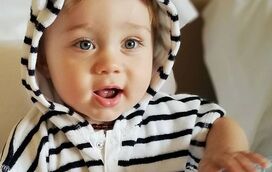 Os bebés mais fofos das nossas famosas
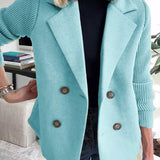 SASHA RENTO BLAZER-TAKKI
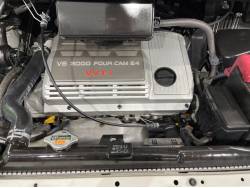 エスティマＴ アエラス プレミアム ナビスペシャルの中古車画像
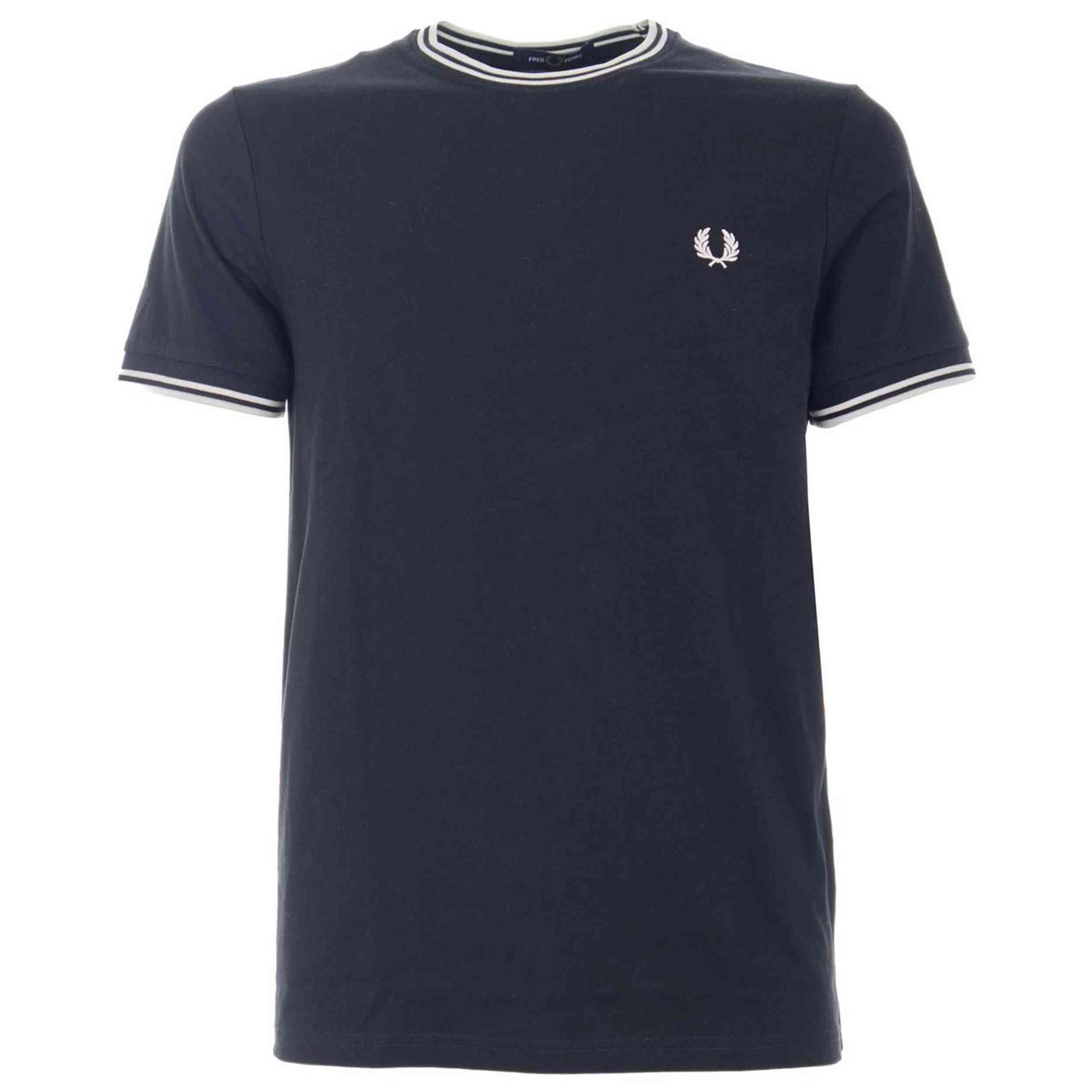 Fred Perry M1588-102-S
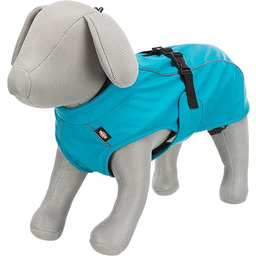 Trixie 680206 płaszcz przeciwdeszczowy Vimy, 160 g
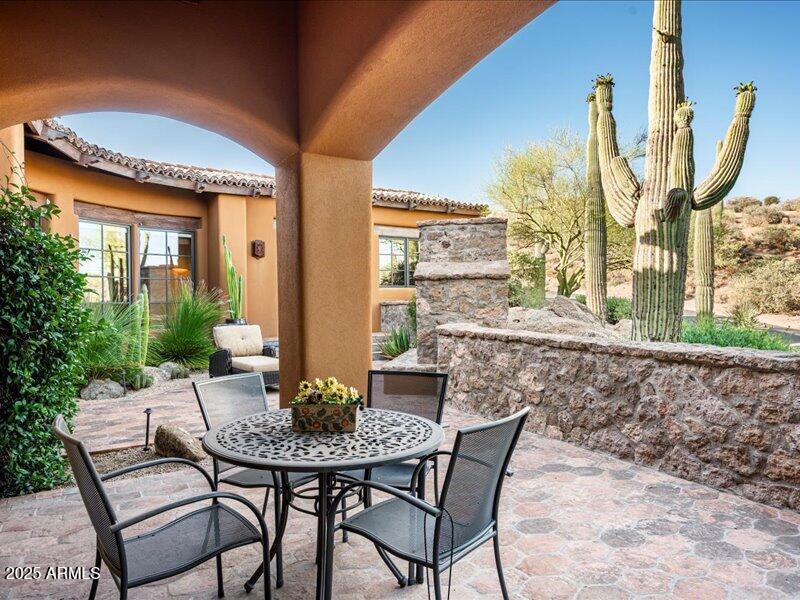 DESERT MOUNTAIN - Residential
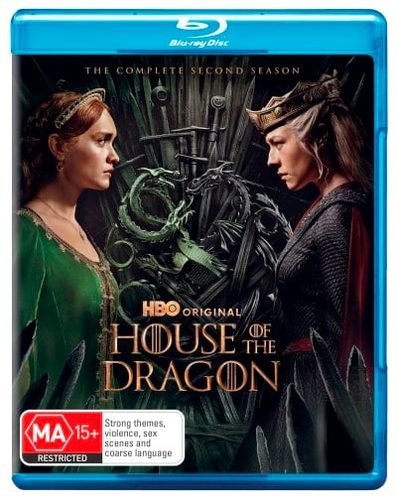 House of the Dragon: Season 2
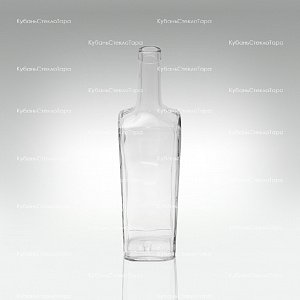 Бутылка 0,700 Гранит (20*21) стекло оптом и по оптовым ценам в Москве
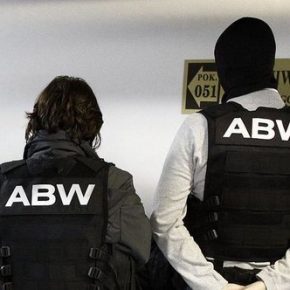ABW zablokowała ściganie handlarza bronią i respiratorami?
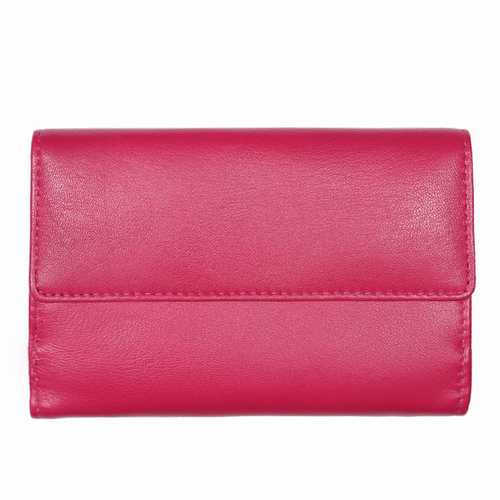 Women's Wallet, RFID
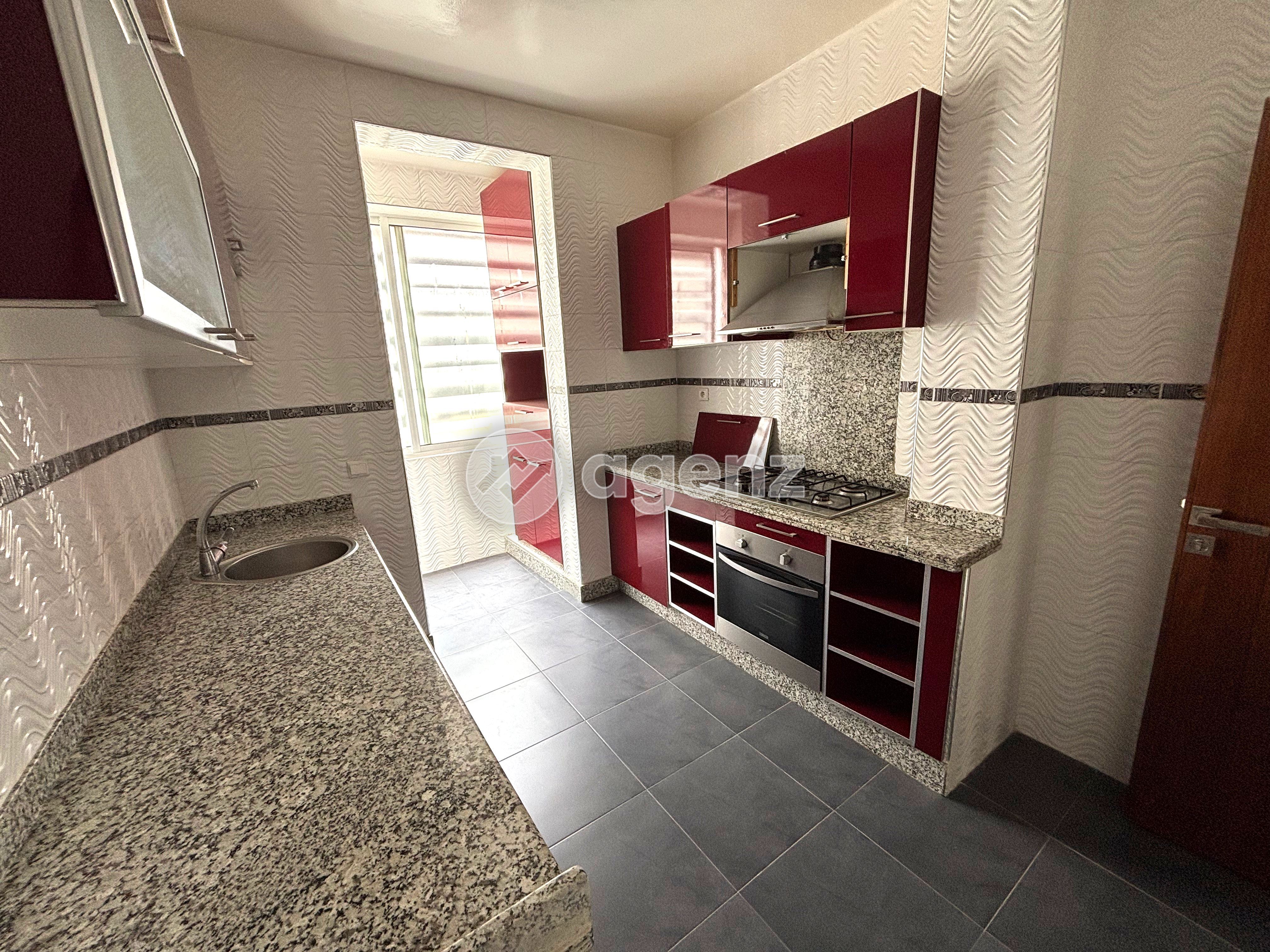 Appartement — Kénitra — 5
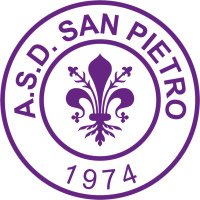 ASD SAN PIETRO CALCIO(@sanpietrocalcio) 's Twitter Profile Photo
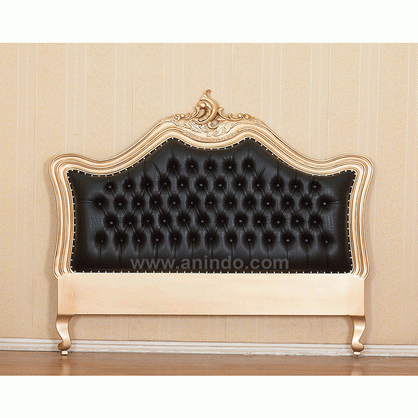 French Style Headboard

---+---

== WHAT YOU SHOULD DO ==
Give the records again exactly, pictures left out.

== RESULT OF THIS EXERCISE ==
 Os bebés mais fofos das nossas famosas
 SASHA RENTO BLAZER-TAKKI
 エスティマＴ アエラス プレミアム ナビスペシャルの中古車画像
 Fred Perry M1588-102-S
 Trixie 680206 płaszcz przeciwdeszczowy Vimy, 160 g
 DESERT MOUNTAIN - Residential
 House of the Dragon: Season 2
 Бутылка 0,700 Гранит (20*21) стекло оптом и по оптовым ценам в Москве
ABW zablokowała ściganie handlarza bronią i respiratorami?
 Women's Wallet, RFID
 Appartement — Kénitra — 5
 ASD SAN PIETRO CALCIO(@sanpietrocalcio) 's Twitter Profile Photo
 French Style Headboard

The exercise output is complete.